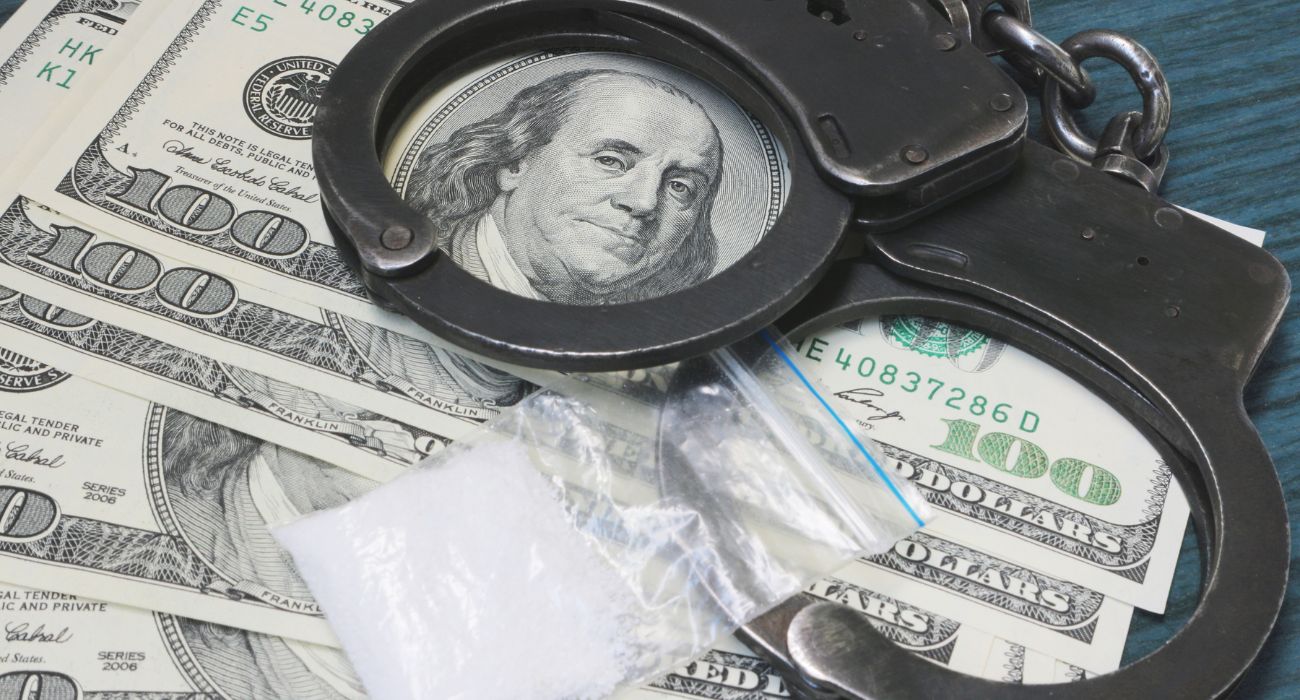 Drugs, money and handcuffs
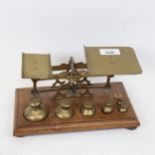 Victorian brass postal scales, on mahogany stand, with weights, largest 1/2 lb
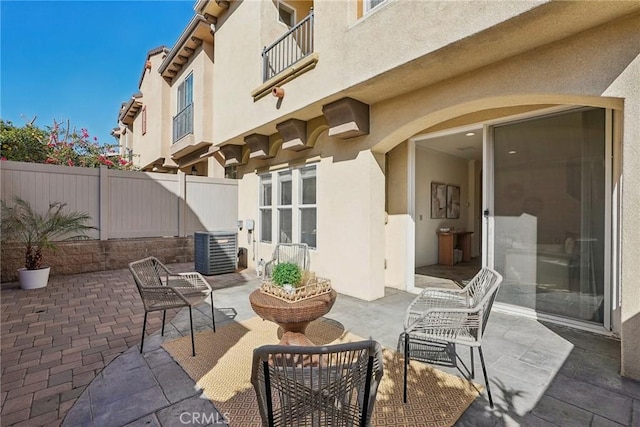 view of patio / terrace with central AC unit and fence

EXERCISE DESCRIPTION. Set down all of the material word for word, minus its pictures.

SOLUTION.
 Drugs, money and handcuffs
 Victorian brass postal scales, on mahogany stand, with weights, largest 1/2 lb
 view of patio / terrace with central AC unit and fence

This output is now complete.